How to complete this task: The output must contain exactly the lines from the top of the listing below through the line containing "Step two: divide", and no pictures.

[Opening Data block section]

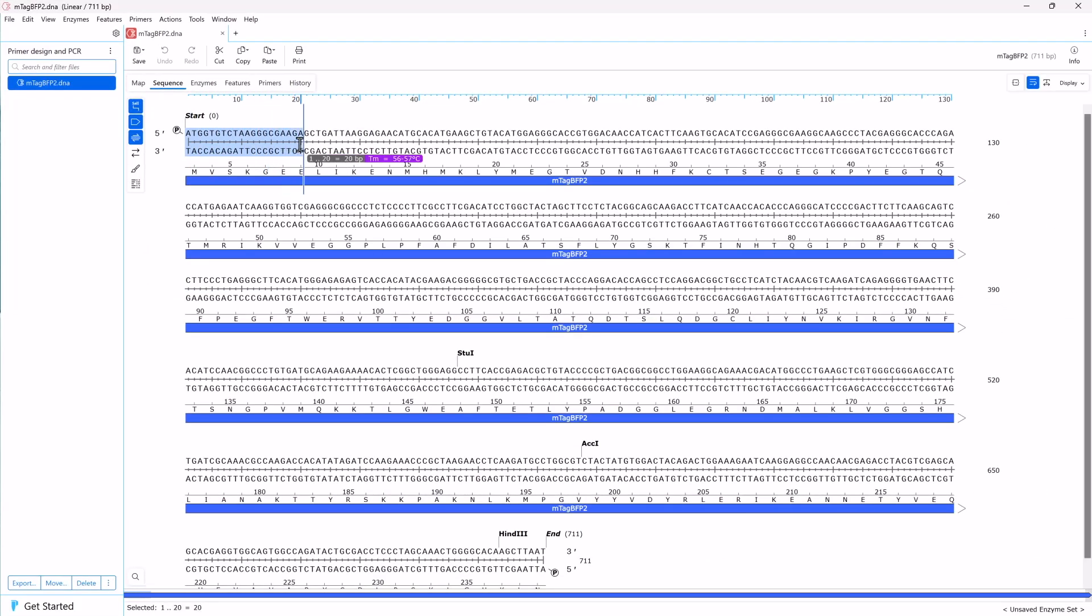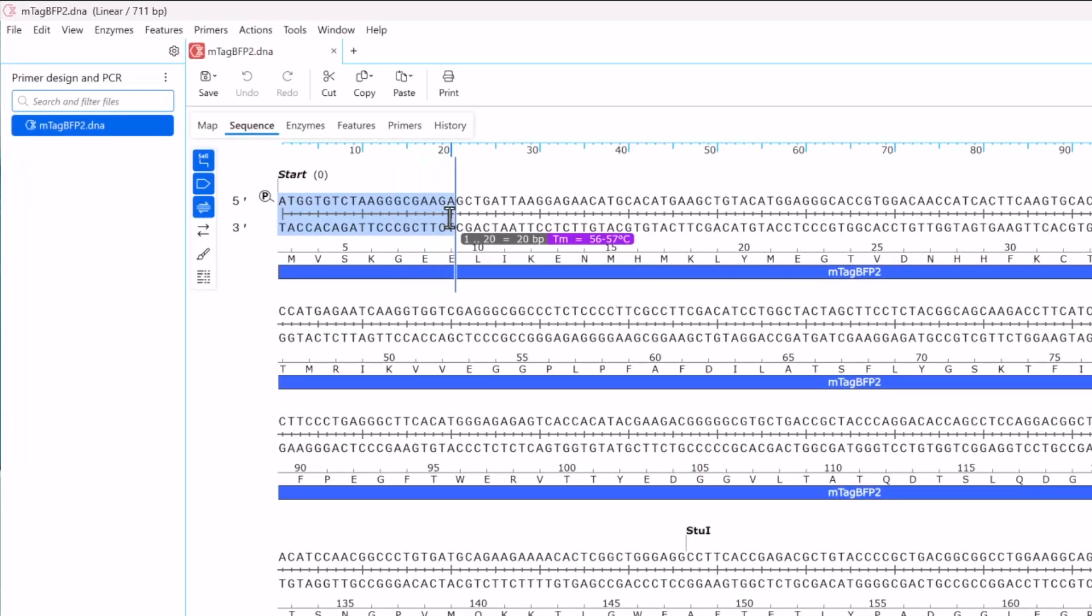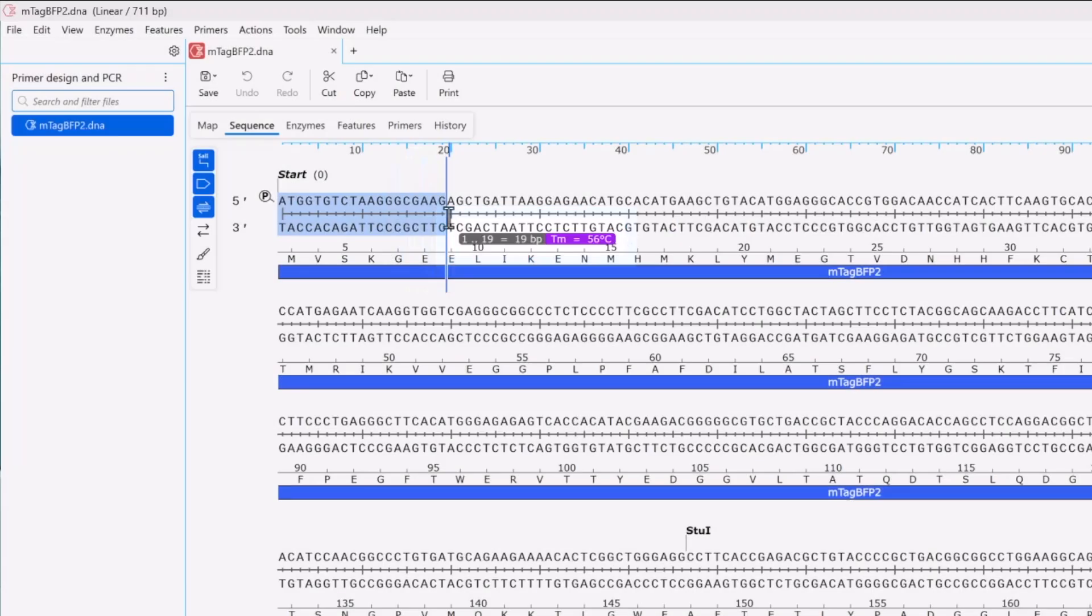Now you can define the forward primer's initial binding region at the coding sequence's start. In this example, you want the binding region of your primers to have a melting temperature of around 55 degrees Celsius. Click and drag to display the predicted Tm for the selection. For example, selecting 19 nucleotides gives a melting temperature of 56 degrees.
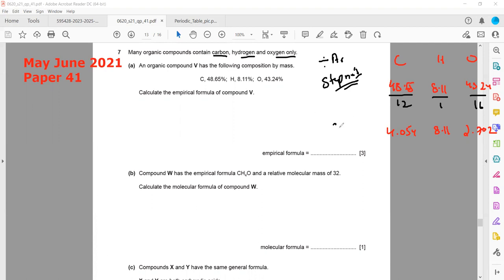Step two: divide by the smallest value in the combination. The smallest value is 2.702, which corresponds to oxygen. So we divide each result by 2.702.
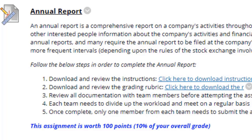Each team needs to divide up the workload and meet on a regular basis. Once you complete it, have one team member submit it to the annual report submission link. Usually the first question I receive is: where's my example? I don't give examples. There are a tremendous amount of examples out on the web from public trading companies that you can look up yourself. You have to be able to think and learn on your own when you're in business, and you also have team members you can rely upon.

[Closing Data block section]

Answer space:
Now you can define the forward primer's initial binding region at the coding sequence's start. In this example, you want the binding region of your primers to have a melting temperature of around 55 degrees Celsius. Click and drag to display the predicted Tm for the selection. For example, selecting 19 nucleotides gives a melting temperature of 56 degrees.
Step two: divide by the smallest value in the combination. The smallest value is 2.702, which corresponds to oxygen. So we divide each result by 2.702.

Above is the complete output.